After I had started working, I’m watching the CBS Evening News With Walter Cronkite, and there’s a guy on there who’s making a living doing what my dad did. It was Charles Kuralt, and I thought, “Oh, my gosh, my dad just did this for fun. That guy gets paid to do it.” It looked like all Charles Kuralt did was drive around and talk to people who were playing dominoes and fishing and stuff.
I knew I had to put my own spin on it, so I went back to Eddie Barker and said, “OK, look. You know that Charles Kuralt guy that travels all over America? We can do the very same thing except we’ll just travel all over Texas.” He let me give it a try as a one-time-only deal. I did a few features on the news, and they kind of liked them. I clearly did not know what I was doing, but I cobbled them together. The audience response was good enough that they kept saying, “All right, do another one.” Here we are at 50 years, still doing another one.

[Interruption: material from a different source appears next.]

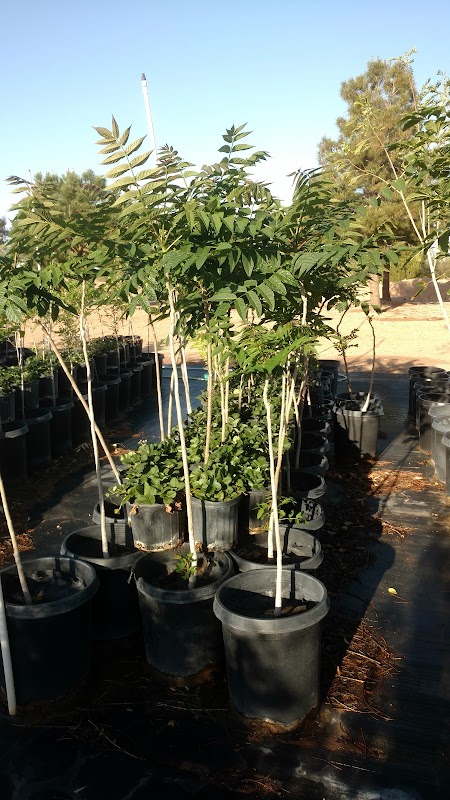 Scotty's Tree Farm LLC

JNP: OK, honestly, the TV reporter going out on the road looking for stories like this was not a new concept. Others had programs like this. You had traction. Why do you think you resonated and the others didn’t?
BP: I was talking to people who were just like my dad. In the very beginning, somebody was coaching me along and said, “When you’re on camera, picture somebody that you love talking to.” Well, that was my dad. To this day, when I look into the barrel of the lens, I’m looking at my dad’s face.
Every time, I thought about doing something else because you don’t make any money in television news. I worked forever for two bucks an hour, but you’re having a good time. Every now and then I thought, “Well, as I get older, I got to go find a real job.” Then I would think, “But I love this so much.” It also helps when people walk up to you almost every day of your life and say, “You must have the greatest job in the world.” You start believing it when enough people say it to you.
Kelli Phillips: I also think it has something to do with the fact that when we go on stories, we don’t have a preconceived idea of what this story is going to be. We honestly go in there with no questions in advance. We just sit down and talk with these people, and we develop a relationship. You see that transpire on the air.
BP: Yeah, she’s right. I’ve never gone in with a list of questions for people. Frankly, I don’t even think much about it ahead of time. We just sit down and have one of those, “Hey, how’s it going?” chats and try to take people on a little journey to get them to tell us their life story and to forget there’s cameras.
KP: And most of the time, they do.
BP: Yeah, for some reason, that’s something we were pretty successful at. If you’ve got one of those huge crews like some shows do now, they’ve got a crew of 40 or 50 people on the set shooting these things. I always think, “How do they get anything done?” We go out with two or three or maybe four people, max, and the camera kind of disappears.
JNP: Bob, on that hike up Lost Mine Trail, I remember I’d gotten in hot water with Mike Levy, the publisher at Texas Monthly, and that eventually led to my departure from the magazine. But you actually had the most comforting words at the time when you said getting fired from Channel 4 was the best thing that ever happened to you.
BP: Well, yeah, it was because that’s what propelled us. That made me. I’d done that show for 14 years. They didn’t actually fire me; they just canceled my show. But it was like being fired because I wasn’t going to stay there if they weren’t going to let me do my show. That made me pull my britches up and say, “OK, you’ve got to do something about this,” and that’s when we syndicated the show all over the state and when I started producing it myself instead of through a television station. The show had been popular in Dallas-Fort Worth, but then it …
BP: Exploded all over the state. That was a good thing.